Et pourtant ils tenaient le coup, en partie grâce aux facilités de crédit auxquelles ils avaient accès. Via les banques et les chaînes de magasins qui suçaient le sang de leurs clients avec des taux usuraires qui atteignaient 30 %. Oniomanes, c’est ainsi que l’ont définissait les Britanniques, des Junkies qui achetaient ce dont ils n’avaient pas besoin sous l’œil impavide des autorités. Les banques en profitaient pour se gaver telle la Royal Bank of Scotland. Ce que ne savait pas encore Philippe Auclair c’est que ce second établissement financier du Royaume-Uni par sa taille allait faire faillite fin 2008. Et que l’État entrerait au capital pour le sauver. Too big to fail. Arrivé au pouvoir le New Labour de Blair fit face au désastre des services publics. Il s’y attaqua en commençant par les prisons pour satisfaire l’électorat le plus à droite qu’il avait su rallier. Difficile de privatiser cette fonction régalienne, surtout après le passage de Thatcher. Alors on promut les partenariats-publics-privés (PPP). Ce qui revenait à accorder à des grands groupes des concessions sur longue période qui allaient s’avérer ruineuses pour l’État.

 En priorité des bureaucrates et des managers pour rationaliser

En imaginant le National Health Service (NHS), les Anglais avaient conçu après la guerre un des systèmes de protection sociale parmi les plus généreux. Une couverture sociale dont on bénéficiait selon ses besoins et non ses moyens.
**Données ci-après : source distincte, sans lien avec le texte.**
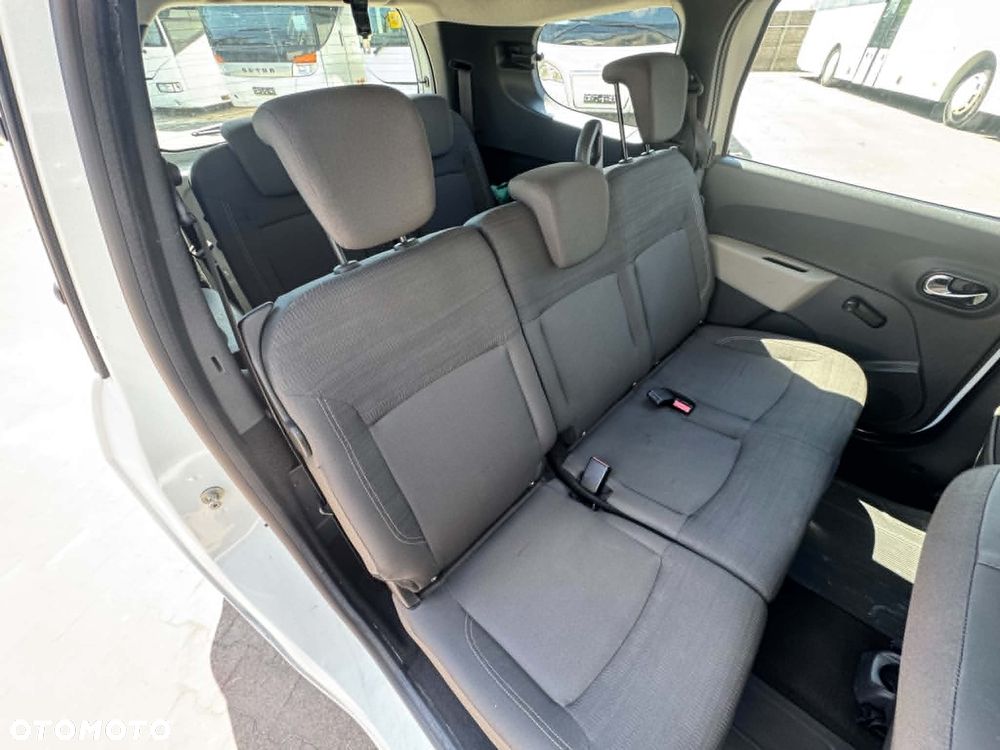 Dacia Lodgy dCi 90 Ambiance - 13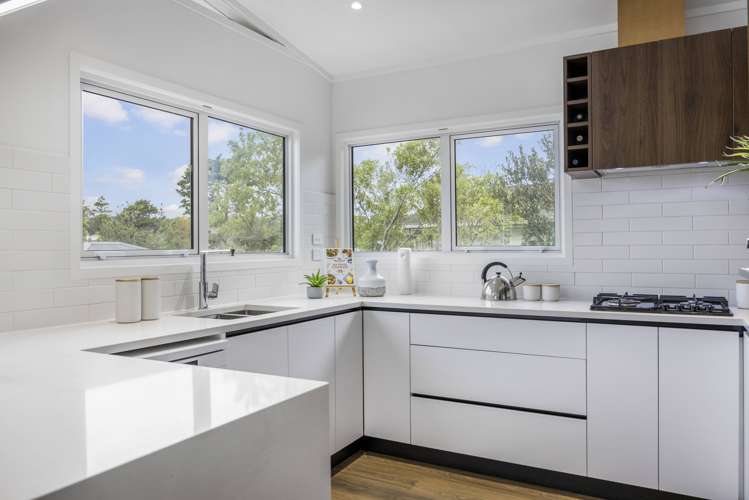 27 Caronia Crescent Lynfield_34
Or le NHS était à genoux en 2006 par manques récurrents de financements. Pourtant Blair et Brown avaient embauché dès leur arrivée. Mais qui ? En priorité des bureaucrates et des managers pour rationaliser, multiplier les objectifs des hôpitaux, et démotiver les soignants. Dès lors mieux valait jouer avec la réglementation que soigner. Une baisse d’efficacité que les transferts de tâches des médecins vers de super infirmiers ne pouvaient compenser. Pour tenter d’améliorer le fonctionnement du NHS les gouvernements Blair ont là aussi multiplié les partenariats-publics-privés ruineux et inefficaces.
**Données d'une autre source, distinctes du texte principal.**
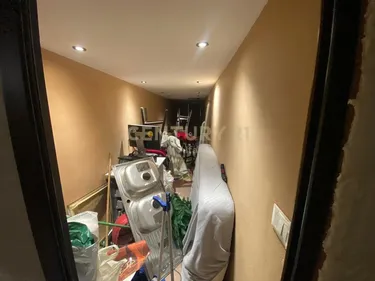 Foto av shop till salu Sheshi Wilson, Tiranë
Les trains étaient souvent en retard, du moins quand ils n’étaient pas annulés

Jusqu’à sa privatisation décidée en 1990 par Margaret Thatcher et exécutée par le gouvernement de John Major le rail britannique affichait quelques-unes des meilleures performances européennes. Il était bon marché, fiable, sûr, même si son confort était en retrait par rapport à celui de la SNCF. La vente au privé s’est donc apparentée à un acte de vandalisme purement idéologique. Le contribuable la paya fort cher et certains voyageurs de leur vie pour cause d’incurie des nouvelles sociétés ferroviaires. En arrivant au pouvoir Tony Blair était tenu de réparer ce désastre. En renationalisant ? Pas véritablement. Il a investi massivement en finançant les opérateurs privés. A-t-il au moins obtenu des résultats ? C’est le contraire qui s’est passé. À la fin de ses mandats les trains étaient souvent en retard, du moins quand ils n’étaient pas annulés. Les tarifs étaient prohibitifs, et le confort proposé aux voyageurs autour de Londres digne des bétaillères. En plus les trains desservaient de moins en moins de gares en raison d’innombrables fermetures décidées par le roi Tony.
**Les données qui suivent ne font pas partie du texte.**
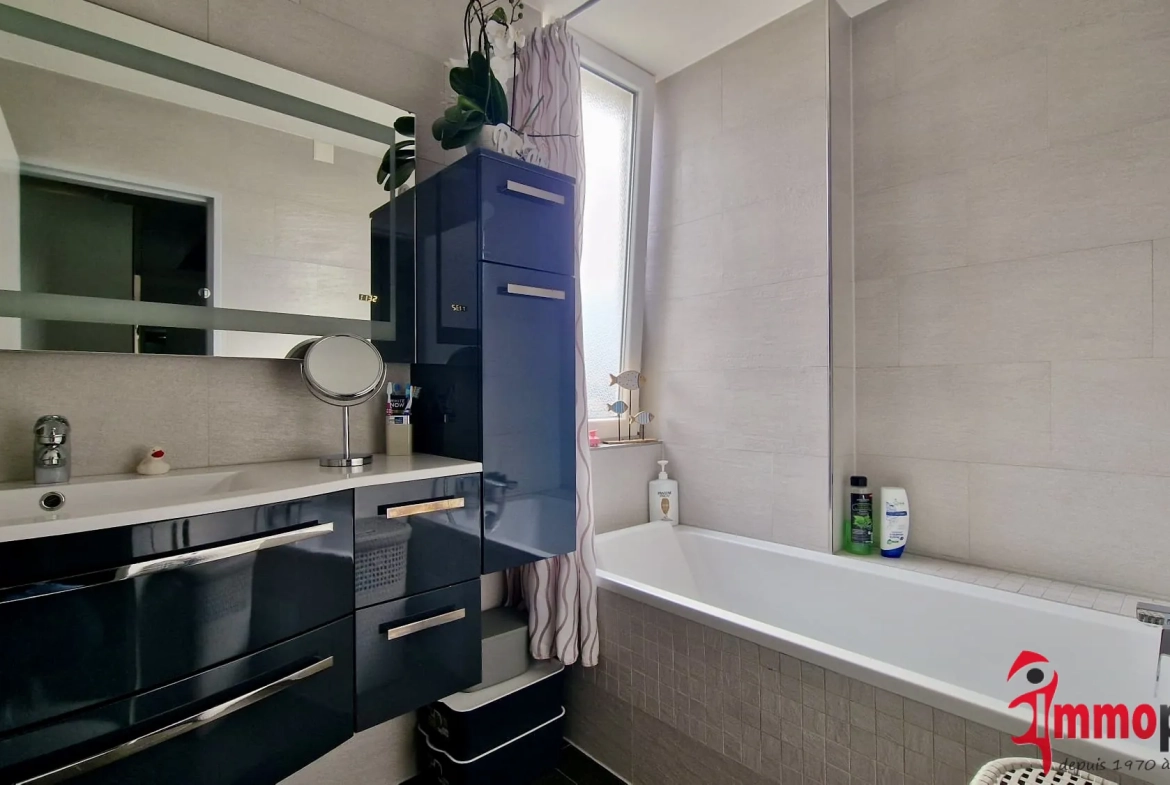 Appartement 3 chambres rénové avec balcon et parking à Saint-Louis 68300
Des emplois d’enseignants pourvus par des élèves professeurs

S’il est un domaine qui illustre les inégalités en Grande-Bretagne c’est bien l’éducation. L’élite du pays passe par l’enseignement privé qui est inaccessible pour 90 % des habitants. Les autres doivent se battre, tricher, pour tenter d’inscrire leurs enfants dans les meilleurs lycées publics. Pour y remédier le New Labour a usé de mensonges en affichant de nombreuses créations de postes. Des emplois d’enseignants pourvus par des élèves professeurs ou des enseignants du Commonwealth simplement de passage en Grande-Bretagne. Il a aussi réformé l’enseignement professionnel en créant des academies, des lycées professionnels concédés au privé contre monnaies sonnantes et trébuchantes. À charge pour les entreprises qui siégaient au conseil d’administration de former les élèves en fonction de leurs besoins. Grand adepte de la modernité Tony Blair a informatisé à outrance les établissements scolaires en les livrant pieds et poings liés à son grand ami Bill Gates. Au total rien de bien positif, surtout si on ajoute que sa politique a poussé nombre d’étudiants à s’endetter fortement pour s’inscrire dans des établissements recommandés.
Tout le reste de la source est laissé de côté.